Sólo así podríamos entender el inesperado y sorpresivo escrito de tan condenable contenido. Porque sí, como algunos sospechamos en realidad no existe corrupción, entonces los aludidos no se encuentran frente a una simple intriga de enredos, sino a una verdadera guerra sucia donde sus cabecillas ya los enlodaron.

Y eso no va a parar allí, porque el astuto y maquiavélico intelectual de dicho asunto, se encuentra animado y asesorado por su todavía más astuto y shakesperiano cómplice. De allí que, decidió urdir un golpe de acusaciones para realizar el principio de la batalla, para la que fue elegido al inicio de la administración.

Desprestigiar al Secretario y parte de su equipo. Manejando obviamente la precaución y cautela de atacarlo de manera viral y anónima -tantos años en el poder han convertido al traidor en una serpiente capaz de replegarse por los riesgos del momento, pero luego contraatacará con las copias de las pruebas, que sin duda ya obran en su poder, si los señalamientos son verídicos-.

En la realidad, sin embargo, no hay duda que al interior de la dependencia educativa existe un volcán de intrigas que no encuentra su respiradero y que ya lanzó su primera exhalación. ¿Sabrán dominar esa fuerza para contenerla y escapar de las trampas con las que un poder extraviado pretende ponerlos out?

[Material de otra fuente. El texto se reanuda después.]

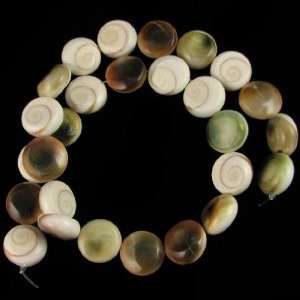  15mm ammonite fossil shell coin beads 16 strand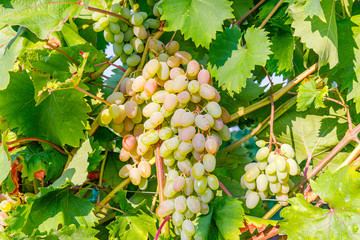 Yellow pink grapes. New vintage wine background concept,  close up. Pink grapevine in sunny light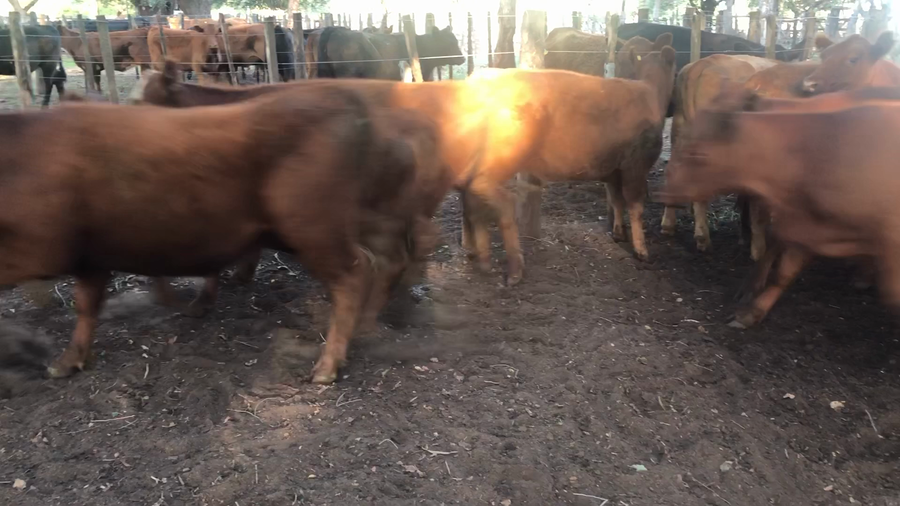 Lote 14 Terneras en Daireaux, Buenos Aires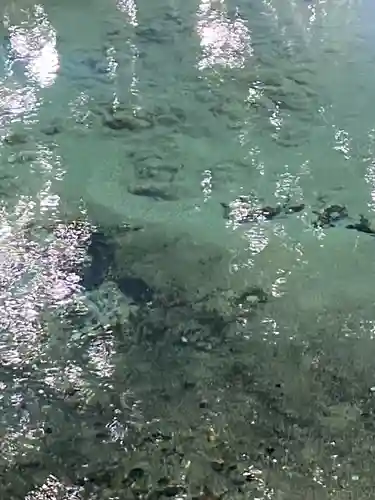 泉神社(茨城県)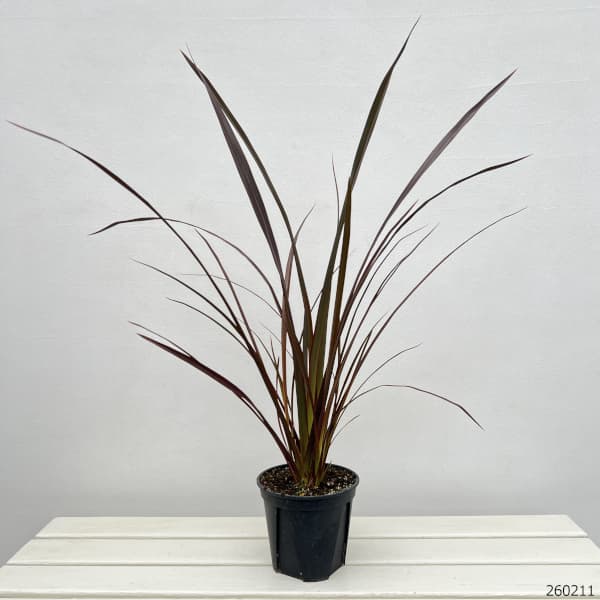 ニューサイラン：チョコレートクッキー5号ポット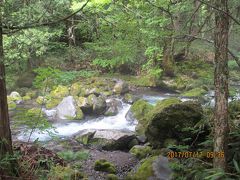 お蕎麦屋さんの案内で渓流に下りて行く。

足元が悪いので要注意。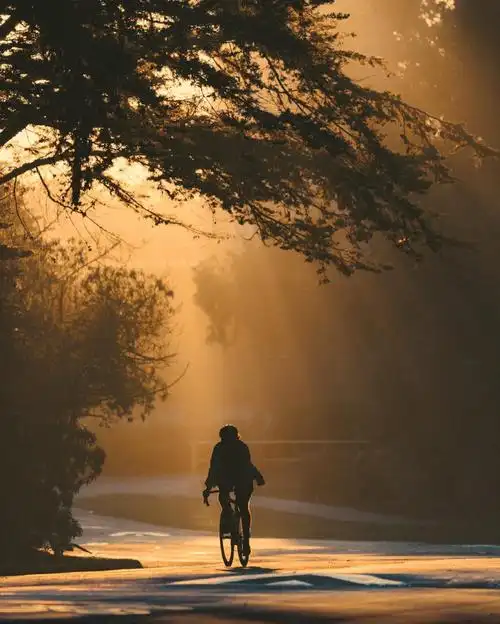 逆光摄影技巧(逆光拍摄是对着太阳拍吗)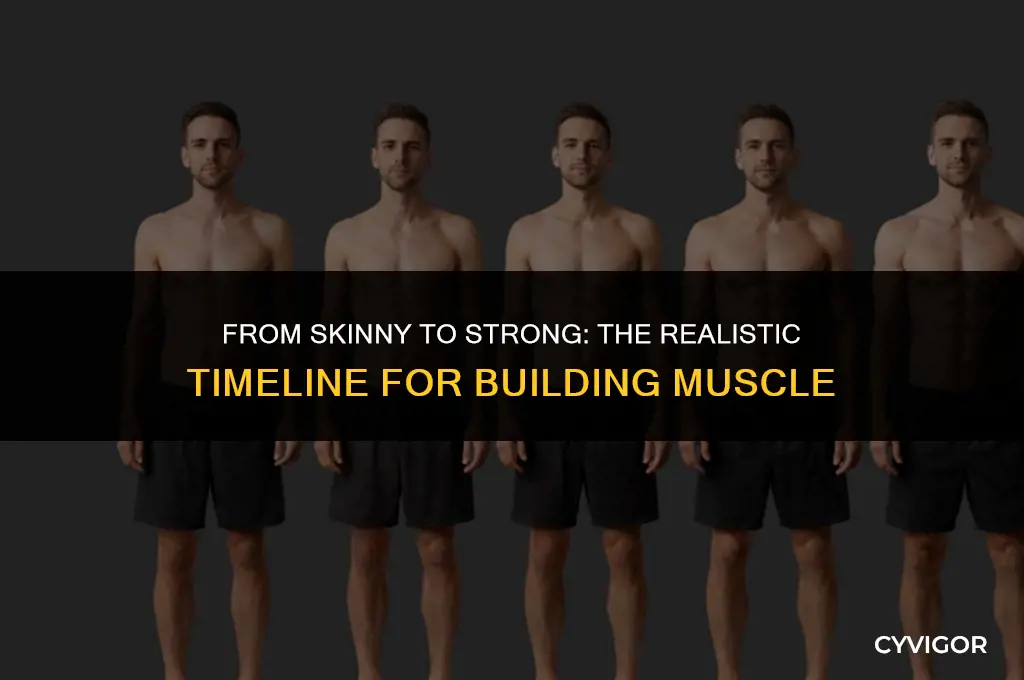 how long does muscle building take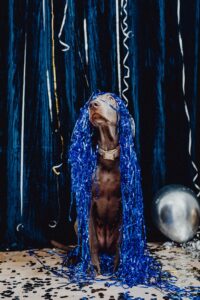 Crazy Weimaraner dog sitting on floor among fallen party decorations, with streamers on head.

Ese es el reto que tienen las autoridades educativas, corregir los errores si los hay, y si no, desmentirlos de viva voz, y no caer en el juicio equivocado que, hacerle caso a panfletos anónimos, es engrandecer a los cobardes que los elaboraron. Por supuesto que no se trata de eso, sino dar la cara a la opinión pública y aclarar los hechos de forma contundente.